The Ligurians, who did not expect an attack before the arrival of the consuls in the province, were surprised, and [p. 1895]
surrendered to the number of twelve thousand men.
Corne- lius and Baebius, having consulted the senate by letter, determined to bring them down from their mountains into a plain country, so far from home, that they should have no hope of a return; for they were convinced, that before this was done no end could be put to the war in Liguria. There was a tract of land in Samnium, the public property of the Roman people, formerly occupied by the Taurasinians.
When they intended to transplant the Apuan Ligurians to this country, they published an order, that this people should quit the mountains, with their wives and children, and bring all their effects along with them.

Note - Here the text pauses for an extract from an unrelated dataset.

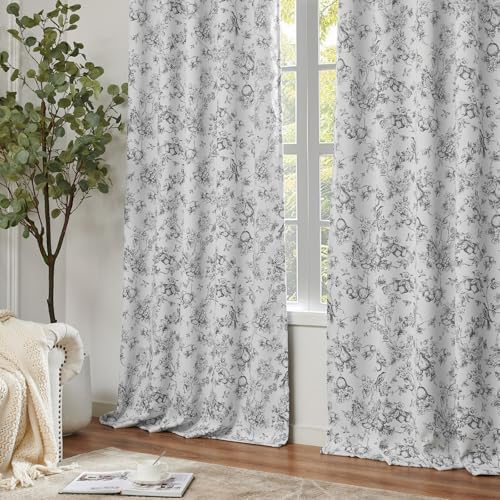 jinchan Black Floral Blackout Curtains 84 Inch Vintage Back Tab 2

The Ligurians made, by their ambassadors, many humble supplications that they might not be compelled to relinquish their native home, the soil in which they were born, and the tombs of their forefathers.
They promised to give up their arms, and deliver hostages.

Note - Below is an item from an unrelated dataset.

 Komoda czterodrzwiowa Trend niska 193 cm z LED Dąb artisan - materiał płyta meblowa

After they failed in all their solicitations, and were destitute of strength for the maintenance of a war, they obeyed the order. Forty thousand men, of free condition, with their women and children, were transplanted at the expense of the public, and a hundred and fifty thousand sesterces1
were given them, to provide necessaries for their new habitations.

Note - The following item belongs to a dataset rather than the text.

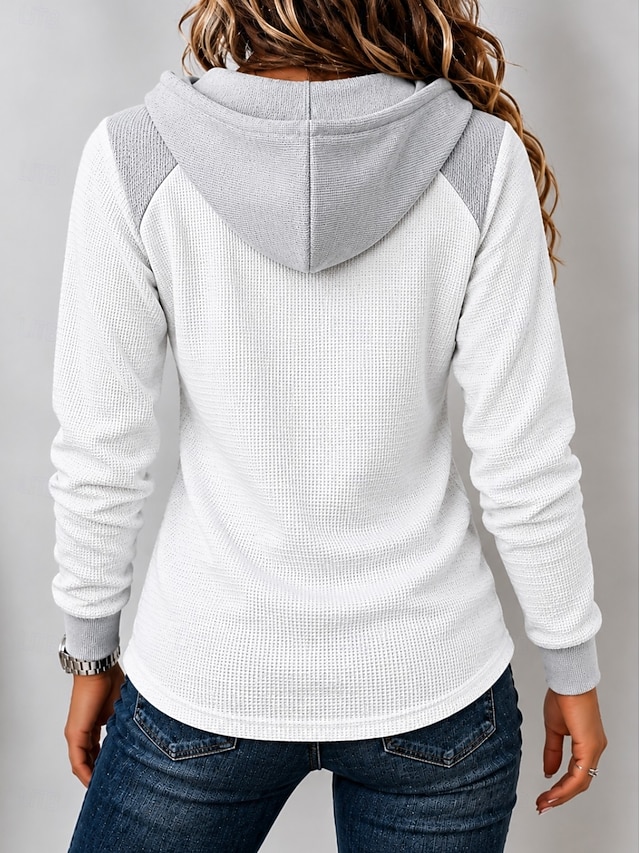 Women's Waffle Polo Shirts Drawstring Solid Color Bohemia Active Vacation Long Sleeve Hooded Regular Tops Casual Blue White Yellow Red Spring Fall Winter - White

Cornelius and Baebius, who removed them, were commissioned to divide and apportion the lands; but, at their own request, the senate appointed five other commissioners, by whose advice they should act.
When they had finished this business, and brought home their veteran soldiers to Rome, a triumph was decreed them by the senate.
These were the first who ever triumphed without having fought an enemy. Hostages only were led before their chariots; for there appeared not, in their triumphs, either spoils to be carried, or prisoners to be led captives, or money to be distributed to the soldiers.